For the first time she could recall, or possibly ever , Uradri regretted losing track of time trying to find the Ley. In this unspoken, unmarked time, she remained chained in the empty throne room, her brother her only visitor when he wanted to torment them both.
The Infernal version of him had become infinitely crueler.
He extracted pain from her in many forms but would never deform her body to satisfy his own sense of her appeal.
Sometimes—not always—he succumbed to his own temptation and sought release upon that body, though he never risked another child.
Indra is enough.
The Ice Lord would have no competition for his affection. Not even from her mother.
“Indrath,” she finally dared say, limbs quivering as she struggled to sit on one hip from kneeling position.

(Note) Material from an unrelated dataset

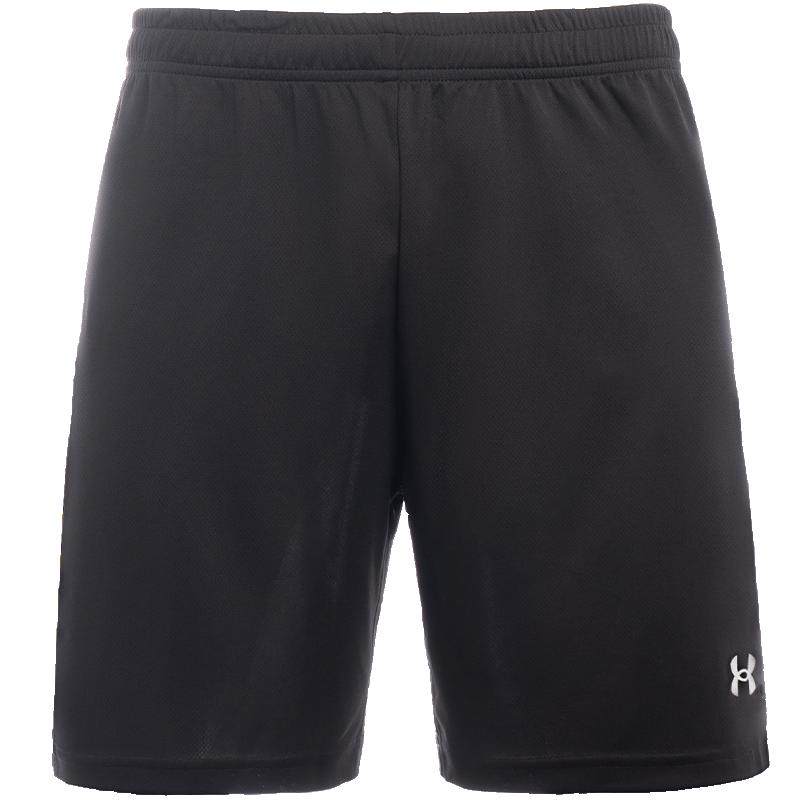 UA安德玛速干短裤男士正品夏新款跑步运动裤训练健身裤五分裤男款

He strapped her back and flank with his whip. “Lord Rousse.”
“Lord Rousse.” She tried not to spit. “Do you realize you will kill me? ”
“Oh, but I don’t plan to.”
“Your plans don’t matter.” She held her middle, quelling the fear of oblivion. “My light will fade here. I don’t know how long it will take, but Sovereign cannot be kept.”
“Oh, is that what you meant?” His voice dripped derision. “If you cannot escape, if you cannot have it your way , you simply refuse to suffer the consequences, hm?”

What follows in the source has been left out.